Tech abbreviates information technologies (see Big Tech). The full name technology is reserved for the field adjacent to science related to application and engineering. We're thinking too small.

All life is problem solving. All organisms are inventors and technicians, good or not so good, successful or not so successful, in solving technical problems. This is how it is among animals - spiders, for example. Human technology solves human problems such as sewage disposal, or the storage and supply of food and water, as, for example, bees already have to do. – Karl Popper

Technology extends a (cyb)organism's response to Chaos sive Natura in the form of a Technology has a telos, a purpose to which it aims. Thus, human eyes extend from the brain and solve the problem of identifying snakes and ripe fruit.1 Eating fruit gave us knowledge, not of good and evil, but of tools (the birth of Homo faber, not Homo sapiens). Prometheus gives us fire, digestion external to to the body.

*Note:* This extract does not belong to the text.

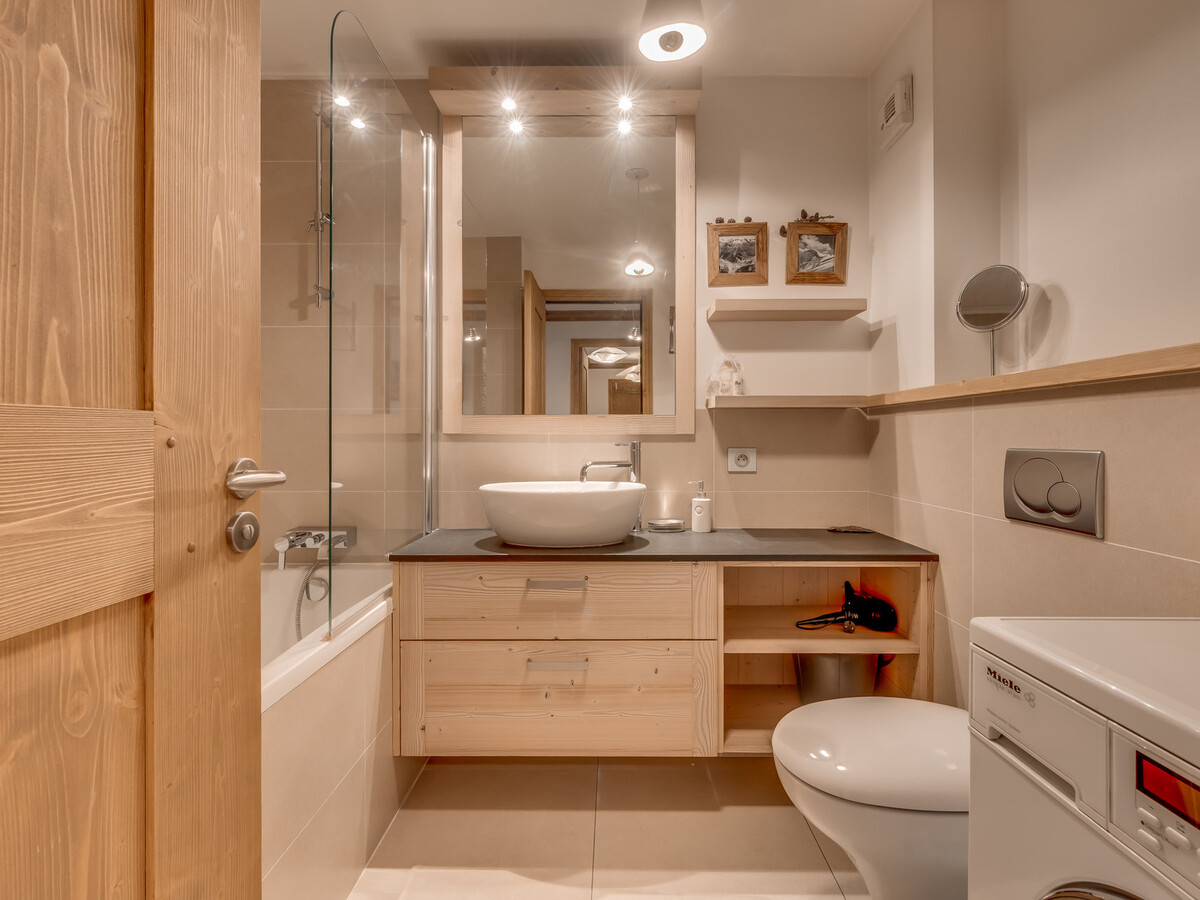 Appartement 3 chambres, balcon sud, 95 m² au cœur de Val-d'Isère - Photo 15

Thor summons Mjolnir, the durable ready-to-hand extension.

The ready-to-hand pen is mightier than Mjolnir because the former created the latter. It extended the mind. Socrates doesn't like writing, because it circumvents the exercise of the reader's memory. Too bad, the technology is here to stay. Writing begat the the self. Foucault says it in Technologies of the Self, and Bloom stretches a little when he says Shakespeare invents the human being.

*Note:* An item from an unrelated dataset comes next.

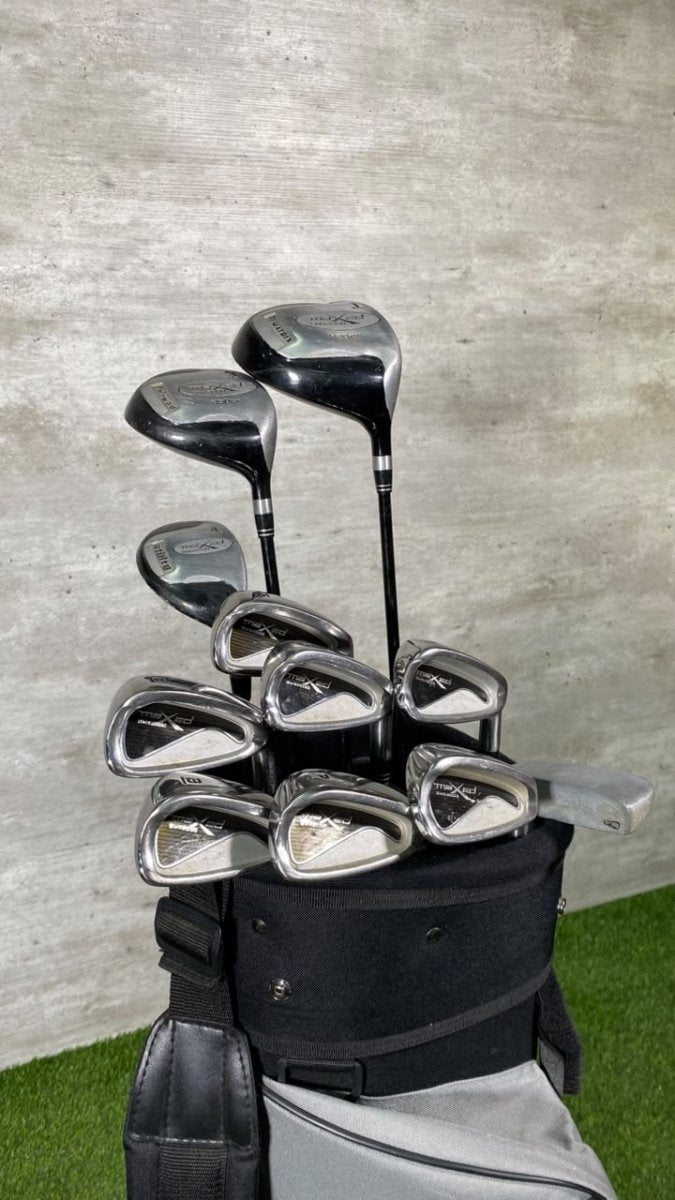 Maxed GMX2000 Golf Set - WeBuyClubz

The character of modern technology is Bestand, standing-reserve for telos. The airplane sits on the tarmac, ready for takeoff.

"Yet an airliner that stands on the runway is surely an object. Certainly. We can represent the machine so. But then it conceals itself as to what and how it is. Revealed, it stands on the taxi strip only as standing-reserve, inasmuch as it is ordered to insure the possibility of transportation." – Heidegger

The modern technology will challenge nature in our lieu, turning it into a resource. Nabokov is not pleased that this is all the artist sees:

The great tragedy of modern art … is that
an artist cannot look at an airplane and see anything but a plane. – Nabokov in Wellesley College News (1942)

Heidegger suggests art. He suggests technology that plays (the birth of Homo ludens, not Homo sapiens). He suggests telonomos. That was what McLuhan meant when he said the medium is the message.


  1. Isbell, Lynne A.. The Fruit, the Tree, and the Serpent: Why We See So Well. United States, Harvard University Press, 2009.